Le Parti populaire (PP) commence l'année politique comme il a terminé l'année précédente, en s'attaquant aux affaires de corruption qui frappent le PSOE et le gouvernement, auxquelles il ajoute désormais le rôle de José Luis Rodríguez Zapatero au Venezuela comme élément central de sa critique des socialistes. À l'ouverture de la réunion interparlementaire que le premier parti d'opposition organise ce week-end à La Corogne, et qui se clôturera dimanche Alberto Núñez Feijóo, le secrétaire général du Parti populaire, Miguel Tellado, a annoncé que le Groupe populaire convoquera devant la commission d'enquête du Sénat l'ancien leader socialiste et ancien haut fonctionnaire de la Moncloa Francisco Salazar, destitué après des plaintes contre lui pour harcèlement sexuel de la part de plusieurs travailleurs de la présidence du gouvernement.
Et en même temps, la main droite de Feijóo s'est élargie avec une diatribe très dure contre l'ancien président du gouvernement, José Luis Rodríguez Zapatero, que le PP présentera également au Sénat pour expliquer si, selon le propre numéro deux de Feijóo, « il a utilisé la bonne réputation de notre pays pour blanchir un régime sanguinaire en échange d'affaires », a-t-il déclaré après avoir ouvert vendredi une procédure préliminaire à la Cour nationale contre lui pour une plainte du groupe ultra Get Entendu parler de son lien présumé avec Nicolas Maduro et de ses activités criminelles. Tellado a également déclaré que le PSOE avait un ancien secrétaire général « qui a su s'enrichir aux dépens de la liberté, de la dignité et des droits du peuple vénézuélien ».
Tellado a même nié catégoriquement que Zapatero ait joué un rôle dans la libération des prisonniers politiques du régime chaviste réalisée cette semaine, parmi lesquels deux Espagnols. « Maintenant, ils essaient de nous faire croire que les prisonniers politiques ont été libérés grâce à Rodríguez Zapatero, quelle audace, comment peuvent-ils avoir autant de visage », s'est-il exclamé.

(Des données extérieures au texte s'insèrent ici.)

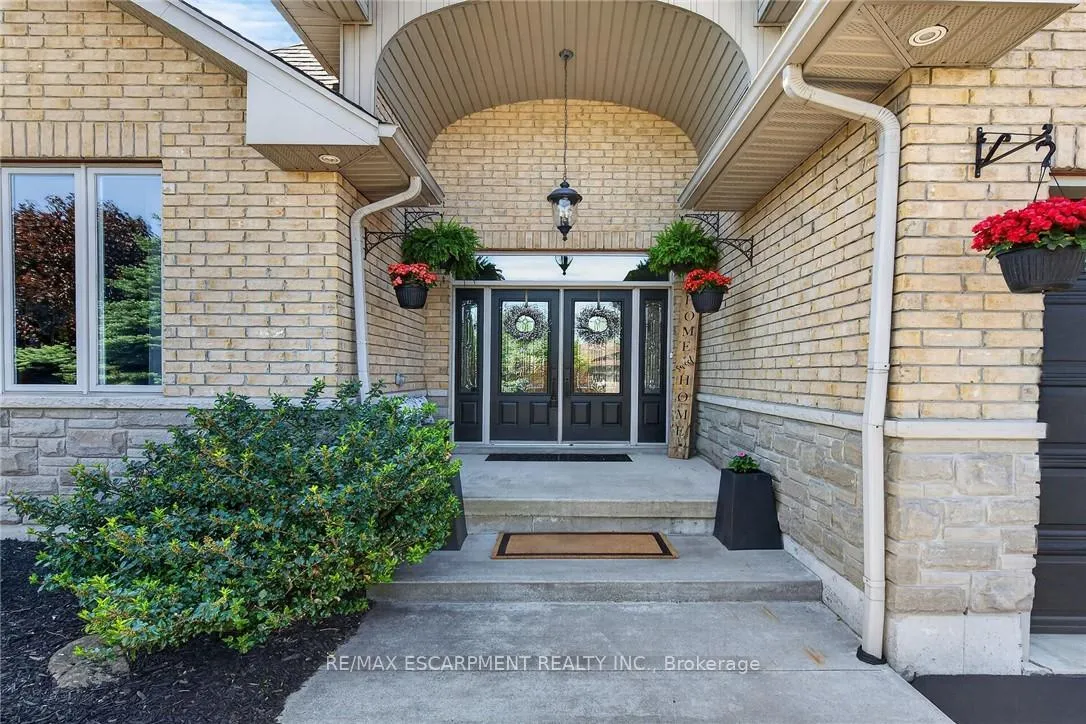 Photo 6 of 5 Royal Troon Drive, Brant, Paris — HOMEH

Salazar, avant les élections en Aragon
L'annonce concernant Salazar intervient à peine deux semaines avant le début de la campagne électorale en Aragon, au cours de laquelle l'ancienne ministre Pilar Alegría mènera la candidature socialiste face au président populaire de cette communauté, Jorge Azcón, et la présence de Salazar à la Chambre haute aura lieu avant le rendez-vous avec les urnes, comme l'ont confirmé des sources de la direction du PP. Tellado a assuré que « Salazar est le cinquième passager de la Peugeot et qu'il devra s'expliquer », faisant allusion à la campagne primaire du PSOE de 2017 que Sánchez a partagée étroitement avec José Luis Ábalos, Santos Cerdán et Koldo García, un groupe de personnes dont Salazar était très proche.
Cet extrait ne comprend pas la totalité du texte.